One thing we know about worry is that it takes up a lot of mental bandwidth. If you’re trying to manifest God’s kingdom, you don’t have enough room in your brain to be worrying about whether there are going to be any tacos left by the time you get to lunch or whether your pants make you look fat (the correlation between taco consumption and pants size is the topic for another day).

We do like to worry about trivial things, though. Tacos and pants and lawn care and laundry. Phone plans and traffic jams. We give our attention to the minutiae of life and not the big stuff. We love the minutiae of life. It’s comprehensible. The kingdom of God? That’s too much.

Jesus, though, reminds us that our attention is a measure of our values. If we really meant what we said about the kingdom of God, wouldn’t we be spending a lot more time and treasure and pure effort trying to bring it about? Where your heart is, where your mind is, where your attention is focused—that’s the best indicator of what it is you really value.

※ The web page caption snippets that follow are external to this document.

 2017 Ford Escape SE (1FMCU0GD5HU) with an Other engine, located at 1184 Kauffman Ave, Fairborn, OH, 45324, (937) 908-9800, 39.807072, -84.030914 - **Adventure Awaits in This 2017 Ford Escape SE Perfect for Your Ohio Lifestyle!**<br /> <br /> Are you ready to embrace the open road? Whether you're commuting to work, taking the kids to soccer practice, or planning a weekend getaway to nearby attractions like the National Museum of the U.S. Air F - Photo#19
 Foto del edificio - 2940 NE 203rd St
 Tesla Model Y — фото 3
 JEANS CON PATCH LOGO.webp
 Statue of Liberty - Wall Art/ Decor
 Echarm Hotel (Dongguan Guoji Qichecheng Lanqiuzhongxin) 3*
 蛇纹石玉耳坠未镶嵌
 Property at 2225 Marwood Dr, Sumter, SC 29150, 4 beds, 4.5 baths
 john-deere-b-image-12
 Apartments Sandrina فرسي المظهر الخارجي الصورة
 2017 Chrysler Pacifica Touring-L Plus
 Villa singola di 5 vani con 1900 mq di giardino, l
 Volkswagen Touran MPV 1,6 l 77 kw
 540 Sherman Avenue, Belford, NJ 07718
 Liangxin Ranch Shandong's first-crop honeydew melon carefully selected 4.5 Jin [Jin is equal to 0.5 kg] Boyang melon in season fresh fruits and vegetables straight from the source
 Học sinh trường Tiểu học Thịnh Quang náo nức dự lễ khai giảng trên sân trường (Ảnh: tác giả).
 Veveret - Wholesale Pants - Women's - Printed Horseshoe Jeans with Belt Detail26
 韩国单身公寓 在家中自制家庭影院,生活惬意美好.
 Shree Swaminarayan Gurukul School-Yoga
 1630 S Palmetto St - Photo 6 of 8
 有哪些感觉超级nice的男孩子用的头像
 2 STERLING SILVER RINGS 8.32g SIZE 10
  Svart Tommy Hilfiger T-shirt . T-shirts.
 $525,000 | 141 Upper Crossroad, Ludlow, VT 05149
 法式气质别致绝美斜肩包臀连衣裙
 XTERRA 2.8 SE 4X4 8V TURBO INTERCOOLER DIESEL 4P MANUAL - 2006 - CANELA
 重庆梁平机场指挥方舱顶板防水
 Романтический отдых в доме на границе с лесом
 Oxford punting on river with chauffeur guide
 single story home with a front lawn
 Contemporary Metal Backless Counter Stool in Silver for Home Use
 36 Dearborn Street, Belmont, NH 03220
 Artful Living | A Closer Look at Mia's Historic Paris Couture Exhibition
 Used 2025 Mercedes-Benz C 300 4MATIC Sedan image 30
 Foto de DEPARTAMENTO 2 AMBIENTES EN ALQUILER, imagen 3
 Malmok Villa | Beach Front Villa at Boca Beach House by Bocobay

So maybe we all need to think a little less about getting our tacos and a little more about feeding the hungry. Maybe we should spend a little less time on the cut of our clothes and a little more on making sure everyone has clothes. It wouldn’t hurt to worry less about our home décor and a little more about people sleeping on concrete. Because the kingdom of God is not brought around through selfish concern but through the action of God’s love.

Prayer
Lord, there’s so much noise in the world and we get distracted so easily. Remind us that you have given us a filter that we can use to reduce the distractions and focus on the essential. Amen.